**Exercise prompt:** Please repeat word for word the line containing "log in page desktop final design" and every following line up to and including the last one below, pictures excluded.

**Short descriptive text snippets:**
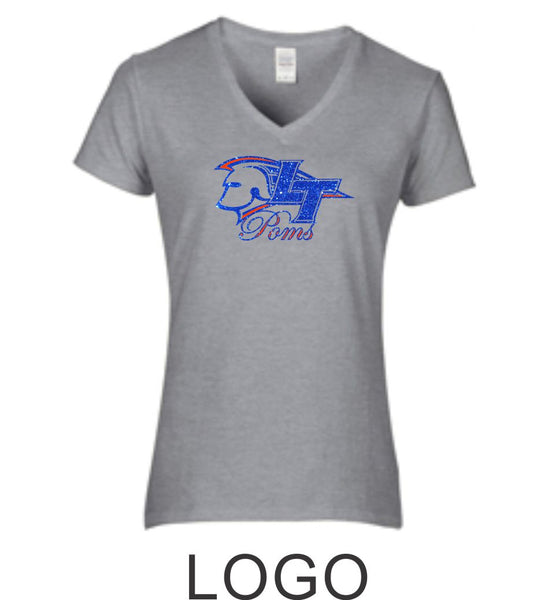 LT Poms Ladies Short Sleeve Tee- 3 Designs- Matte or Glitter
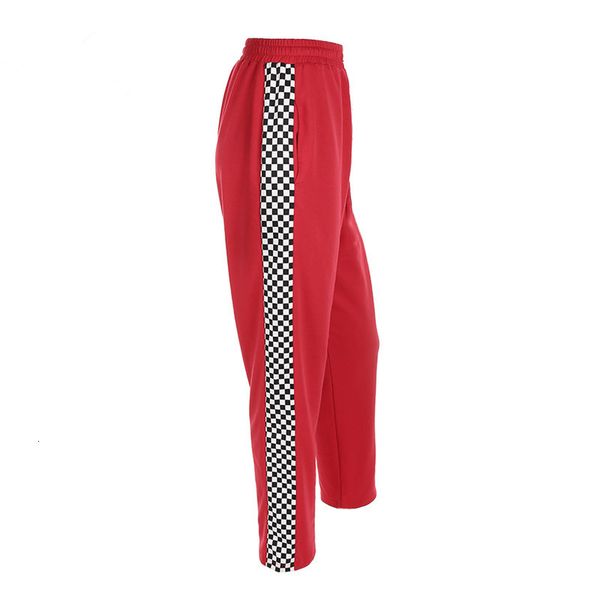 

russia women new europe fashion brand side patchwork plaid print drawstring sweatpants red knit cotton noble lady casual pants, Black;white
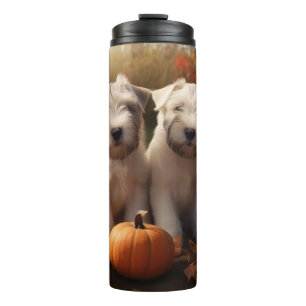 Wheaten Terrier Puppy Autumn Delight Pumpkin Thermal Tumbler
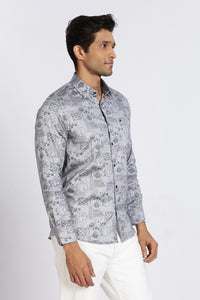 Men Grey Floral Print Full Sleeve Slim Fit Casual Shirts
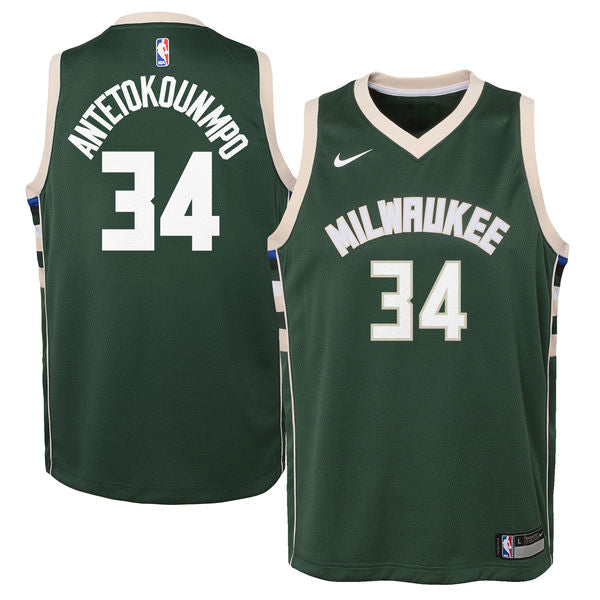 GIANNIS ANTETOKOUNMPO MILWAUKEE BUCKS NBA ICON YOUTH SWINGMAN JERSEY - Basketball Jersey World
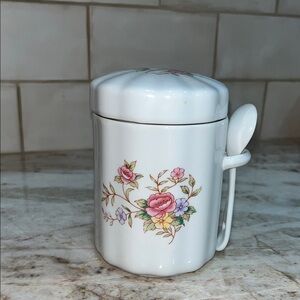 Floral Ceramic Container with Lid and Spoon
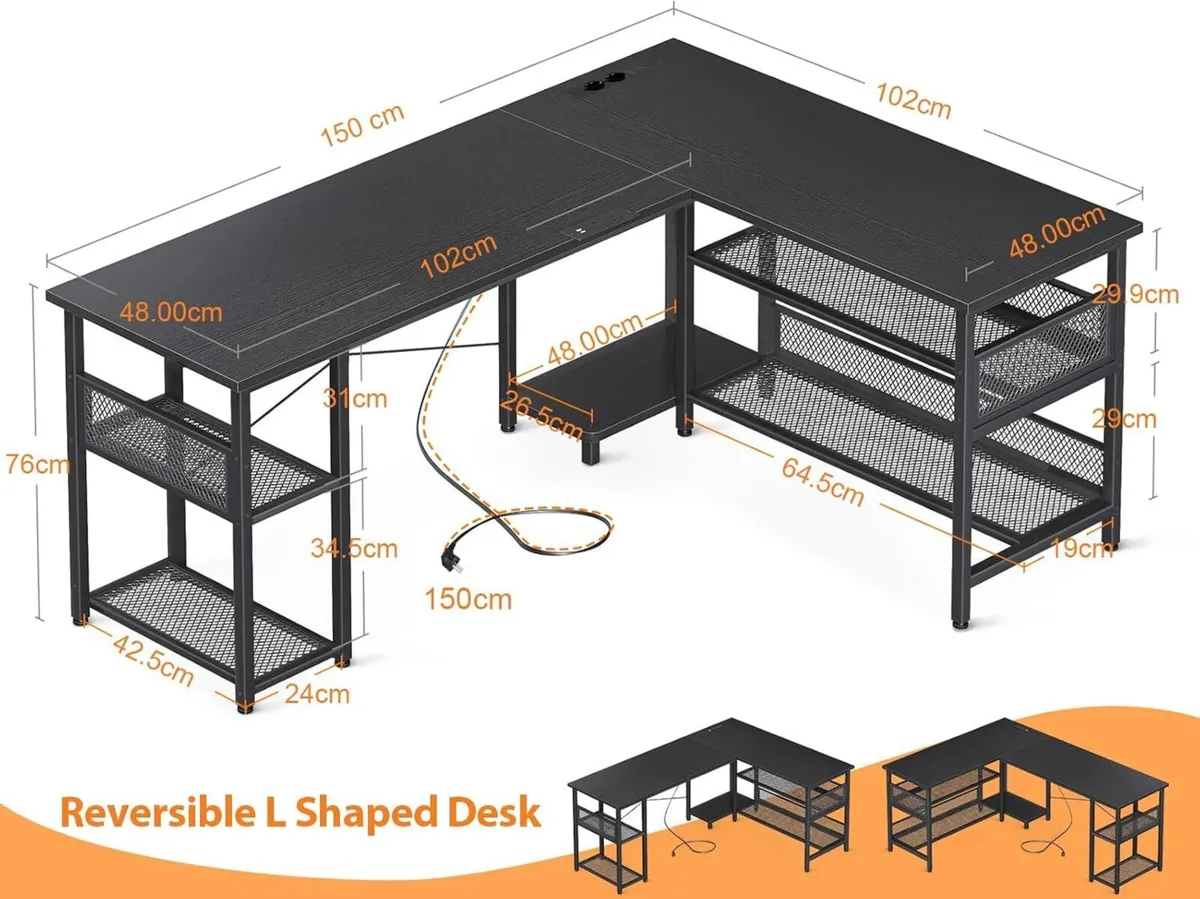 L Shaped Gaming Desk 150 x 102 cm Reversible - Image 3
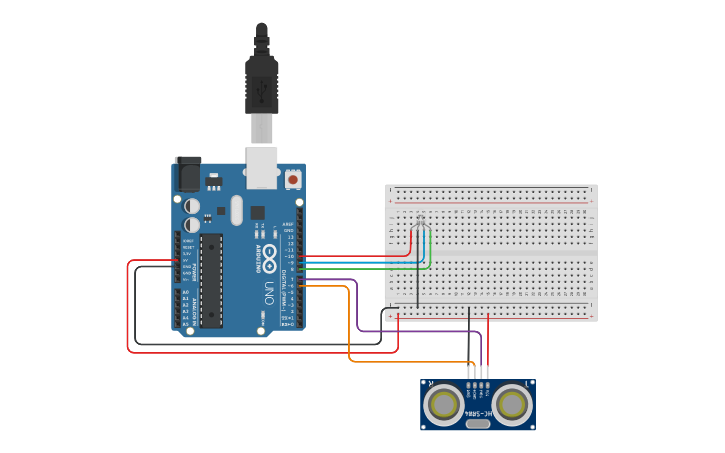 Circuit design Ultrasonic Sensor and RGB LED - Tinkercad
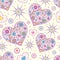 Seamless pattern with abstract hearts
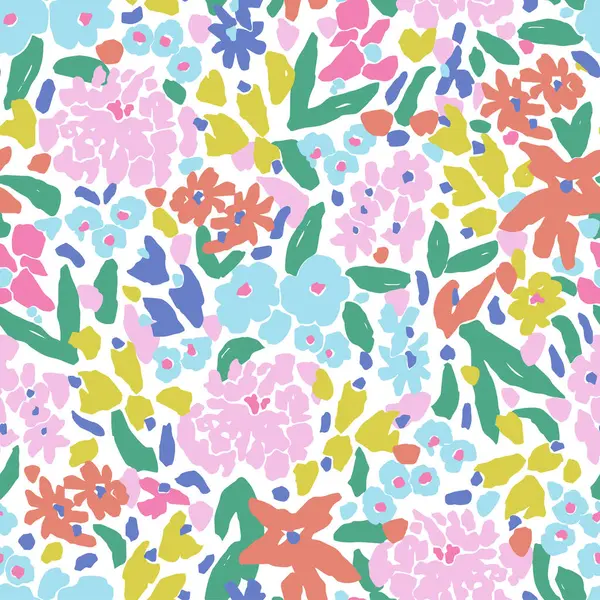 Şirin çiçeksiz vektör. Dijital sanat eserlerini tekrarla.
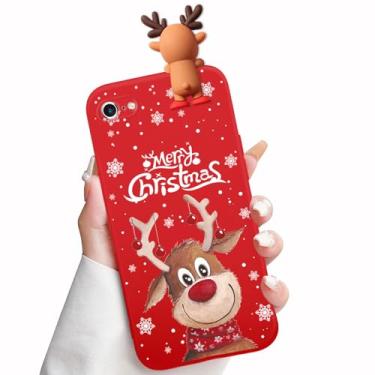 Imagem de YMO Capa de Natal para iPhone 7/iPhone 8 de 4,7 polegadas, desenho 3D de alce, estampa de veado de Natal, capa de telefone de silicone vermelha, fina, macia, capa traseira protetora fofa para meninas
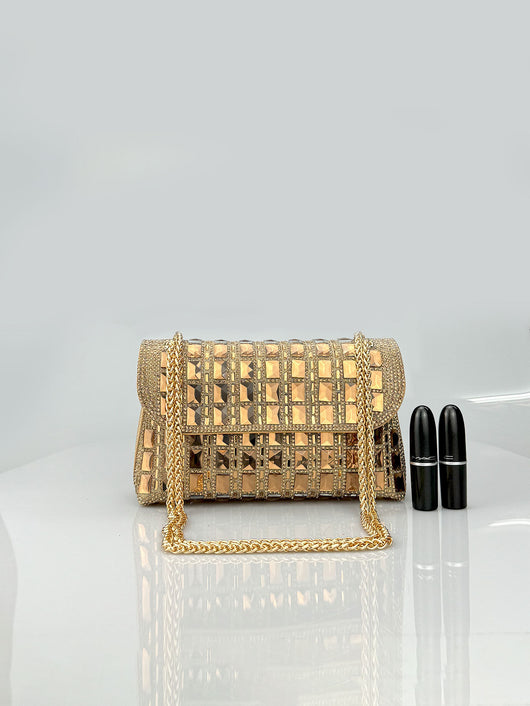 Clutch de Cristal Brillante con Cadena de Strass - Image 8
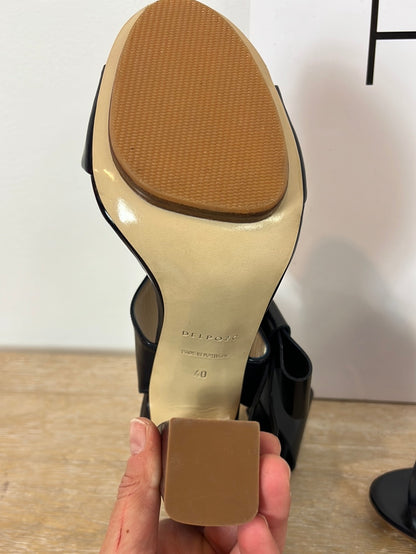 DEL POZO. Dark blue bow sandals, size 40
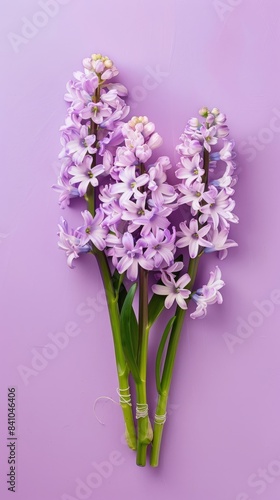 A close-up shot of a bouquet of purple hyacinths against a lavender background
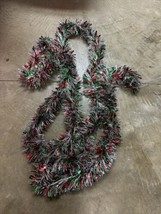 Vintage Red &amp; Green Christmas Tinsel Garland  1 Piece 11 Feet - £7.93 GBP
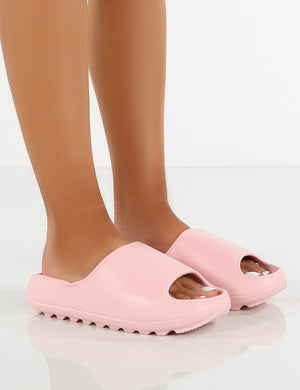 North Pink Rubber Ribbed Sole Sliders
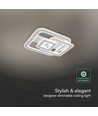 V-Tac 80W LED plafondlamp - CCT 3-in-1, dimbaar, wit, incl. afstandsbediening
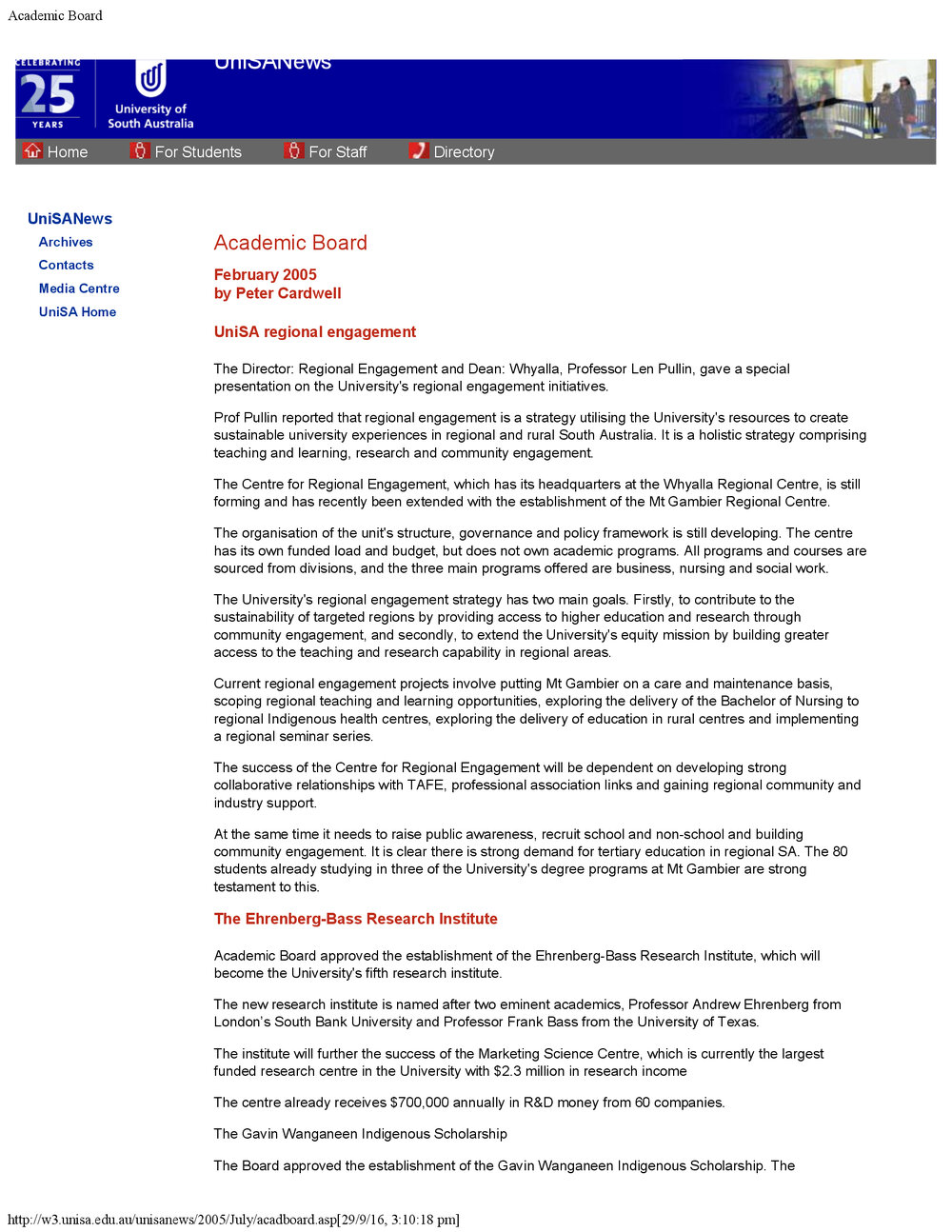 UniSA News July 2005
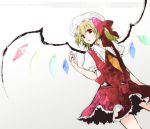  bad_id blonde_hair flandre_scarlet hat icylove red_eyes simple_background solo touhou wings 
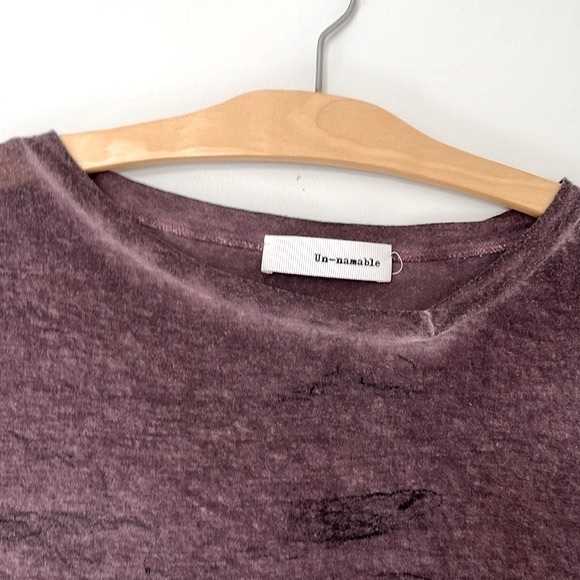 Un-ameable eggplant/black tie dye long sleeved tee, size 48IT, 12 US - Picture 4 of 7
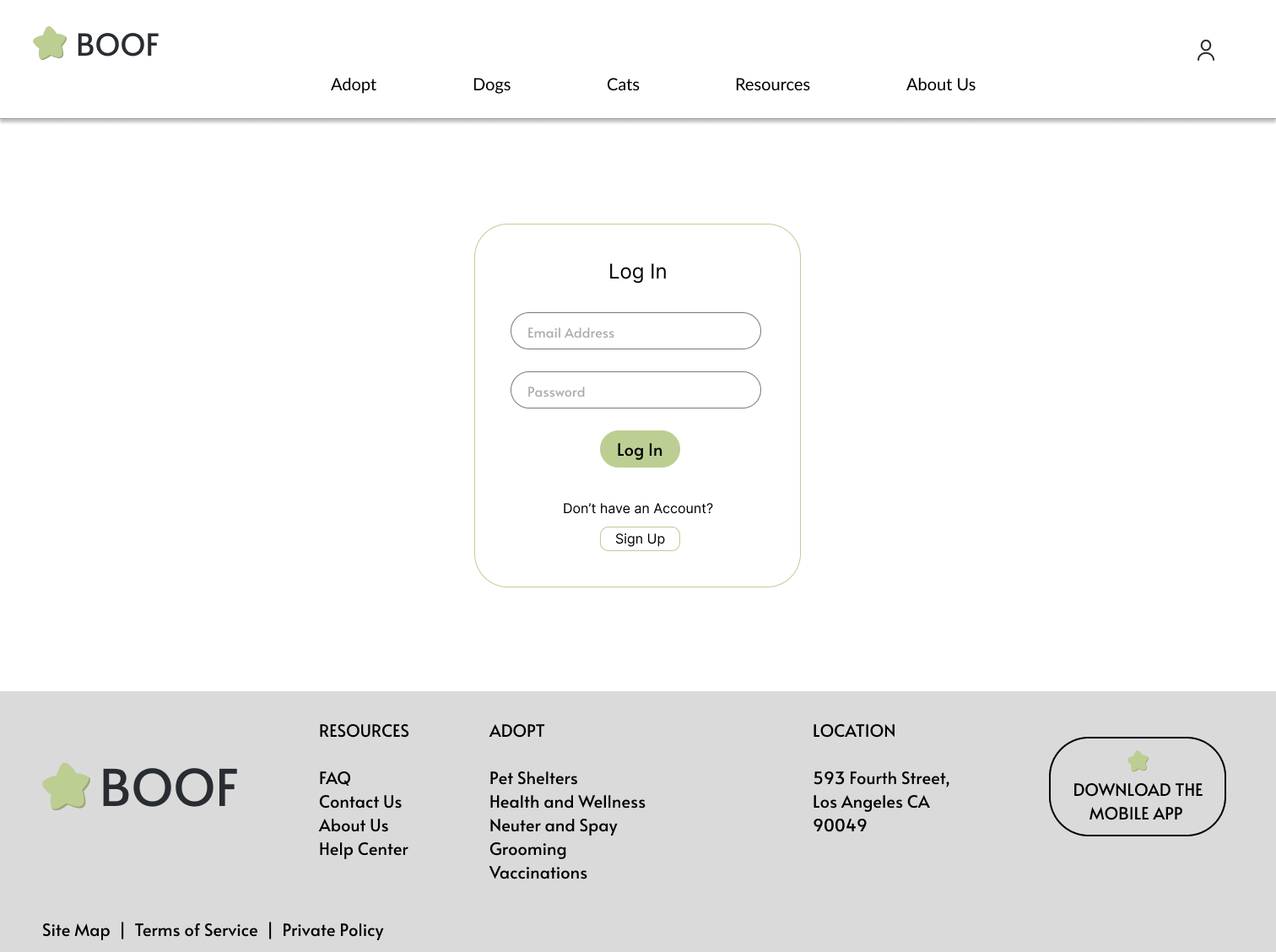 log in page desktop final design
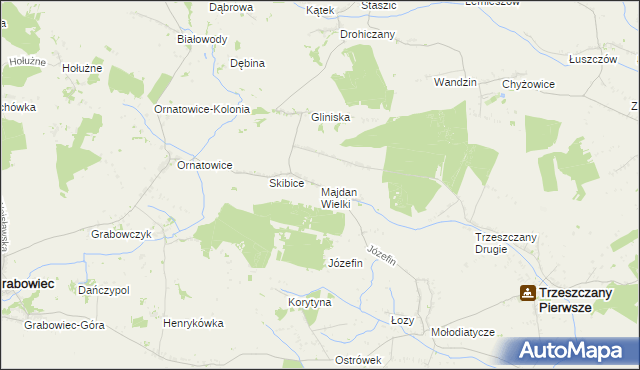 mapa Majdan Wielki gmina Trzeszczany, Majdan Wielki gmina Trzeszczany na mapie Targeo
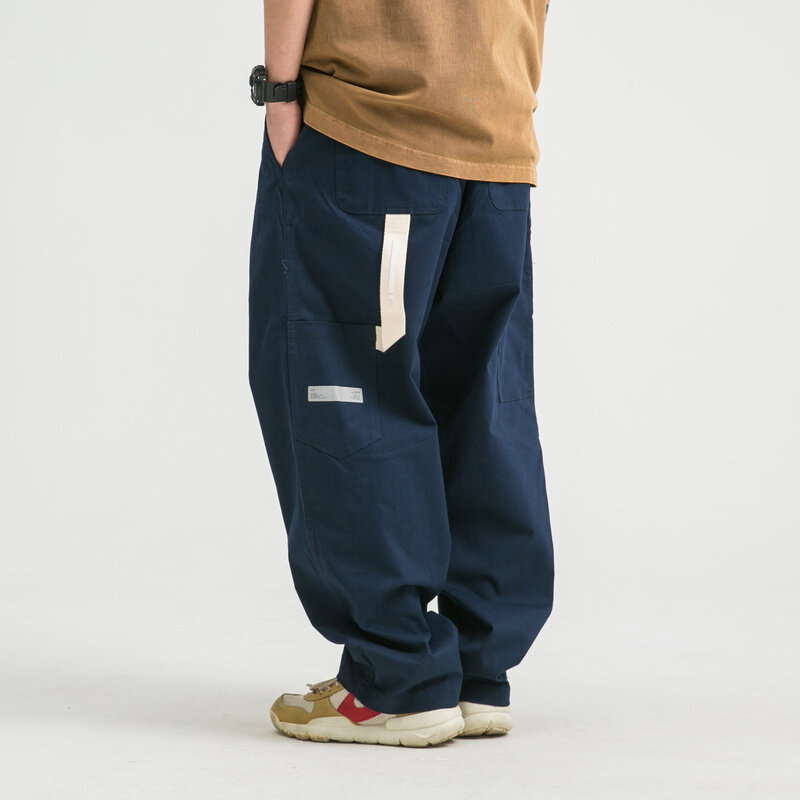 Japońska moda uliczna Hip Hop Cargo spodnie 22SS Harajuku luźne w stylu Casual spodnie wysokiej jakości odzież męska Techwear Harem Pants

**Response area:**
 log in page desktop final design
 mapa Majdan Wielki gmina Trzeszczany, Majdan Wielki gmina Trzeszczany na mapie Targeo
 Japońska moda uliczna Hip Hop Cargo spodnie 22SS Harajuku luźne w stylu Casual spodnie wysokiej jakości odzież męska Techwear Harem Pants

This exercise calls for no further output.